Mueller-Navelet jets in next-to-leading order BFKL: theory versus experiment

TL;DR

This paper analyzes Mueller-Navelet jet production at the LHC using next-to-leading order BFKL resummation within QCD, comparing theoretical predictions with CMS experimental data to test the accuracy of high-energy QCD calculations.

Contribution

It provides a detailed next-to-leading order BFKL calculation of Mueller-Navelet jets, including jet vertices and various cross section representations, with optimized energy scales for comparison with experimental data.

Findings

Theoretical predictions agree with CMS data within uncertainties.

Different cross section representations show consistent results.

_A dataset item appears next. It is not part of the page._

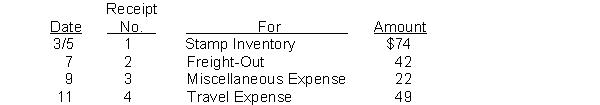 Ernest Company uses an imprest petty cash system. The fund was established on March 1 with a balance of $200. During March the following petty cash receipts were found in the petty cash box.     The fund was replenished on March 15 when the fund contained $9 in cash. On March 20, the amount in the fund was increased to $300. Instructions Journalize the entries in March that pertain to the operation of the petty cash fund.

Optimization methods improve the accuracy of the perturbative calculations.

Abstract

We study, within QCD collinear factorization and including BFKL resummation at the next-to-leading order, the production of Mueller-Navelet jets at LHC with center-of-mass energy of 7 TeV. The adopted jet vertices are calculated in the approximation of small aperture of the jet cone in the pseudorapidity-azimuthal angle plane. We consider several representations of the dijet cross section, differing only beyond the next-to-leading order, to calculate a few observables related with this process. We use various methods of optimization to fix the energy scales entering the perturbative calculation and compare thereafter our results with the experimental data from the CMS collaboration.